The method has been shown to work for those with pneumonia or who have a pneumothorax (where air leaks out of a lung). But this success results from having trained algorithms on the thousands of pre-diagnosed x-ray images housed in online repositories. For COVID-19 positive patients, however, only a few hundred x rays are publicly available. That makes it hard to train the algorithms with any degree of robustness.
Many of those COVID-19 x rays lie in a repository put together by Joseph Paul Cohen, at the University of Montreal. Cohen helped develop an AI tool called Chester that came online last year and that can distinguish between different lung problems, such as pneumonia or a lung hernia. When COVID-19 hit, he wanted to augment Chester but quickly came up against a wall because hospitals didn’t want to share their data. “It’s just a nightmare to get images,” he says.
Instead, Cohen and his colleagues turned to journals. “The one avenue where the whole hospital gets behind making data public is to put a figure in a paper,” he says. By scraping x-rays images of COVID-19 patients from publications, and also by collecting those made available by groups including the European Society of Radiology, the team has collected 226 images, along with relevant clinical data, for patients with COVID-19.
Cohen published a paper with the initial dataset on the arXiv preprint server just over a month ago, and the paper has already been cited nearly 40 times by groups developing x-ray screening AI algorithms. One of those groups includes Rodolfo Pereira at the Pontifical Catholic University of Paraná in Brazil. Pereira normally develops AI algorithms for classifying music, but he turned his hand to studying x rays when COVID-19 hit.

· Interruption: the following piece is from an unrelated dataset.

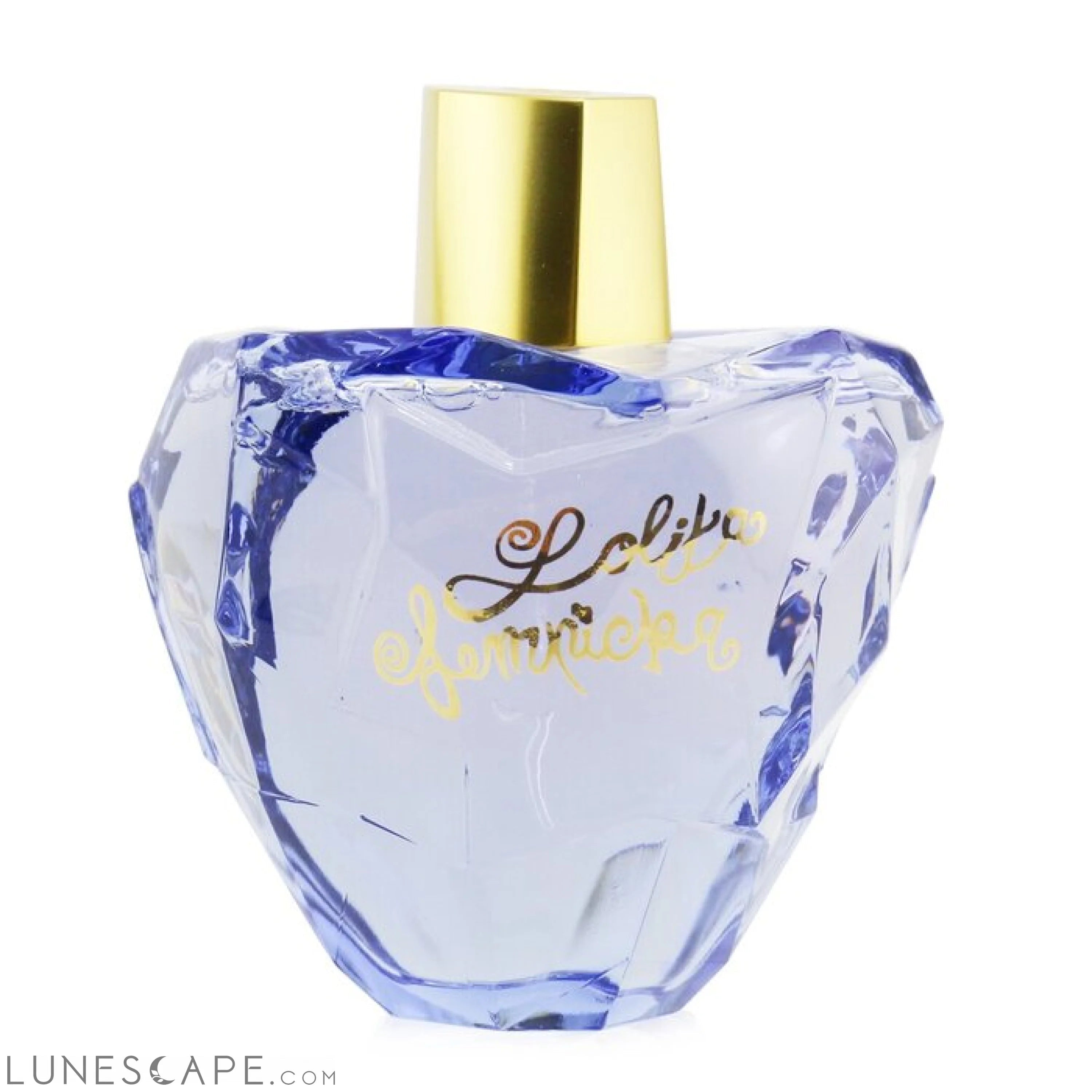 LOLITA LEMPICKA - Eau De Parfum Spray (Mon Premier) LUNESCAPE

He and his colleagues have performed over 5000 “experiments” to test a number of different AI x-ray screening methods. “We pretty much threw everything we could at the problem,” he says.
Their results indicate that their algorithms can distinguish between different types of pneumonia, including that caused by COVID-19. But team member Lucas Teixeira from the State University of Maringá, Brazil, offers caution. “[The algorithms] aren’t perfect,” he says. “They work with [Cohen’s] dataset, but we don’t know how they will work with other datasets.”

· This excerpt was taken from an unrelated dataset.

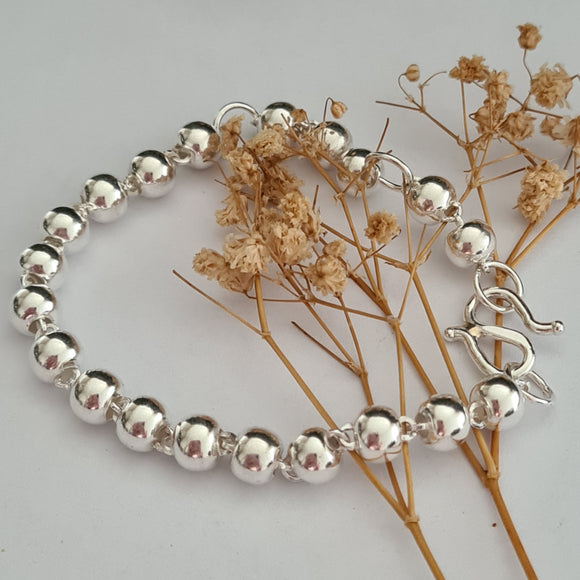 Beads Bracelet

The question of applicability and reliability of chest-x-ray algorithms is one that all the researchers interviewed for this story emphasized. The way an AI algorithm interprets an x-ray scan can depend on the machine used to take the image, whether the person was lying down or standing up, or the hospital where the x ray was taken. “There are all sorts of biases that can trip you up,” says Alistair Johnson at the Massachusetts Institute of Technology, who helped to build MIMIC-CXR, an online repository that contains nearly 400,000 (non-COVID-19) x-ray images.
But methods exist to mitigate these problems, says Wong, who, along with his team, has developed a research-grade AI tool for analyzing chest x rays. One possibility is implementing “explainable” algorithms, where the decision-making process is viewable to the user. With the reasoning visible, issues can be quickly pin-pointed and fixed. For example, using explainable AI, Wong realized that one of his team’s test algorithms “cheated” when making diagnoses by reading metadata labels in the image. The researchers therefore wiped the labels from the x rays. Explainable algorithms also benefit clinicians by providing the rationale behind a diagnosis, he says. “At the end of the day what we are trying to build is not about replacing doctors, it’s about augmenting the decision making [process] to make it better and faster.”
Katherine Wright is a Senior Editor for Physics.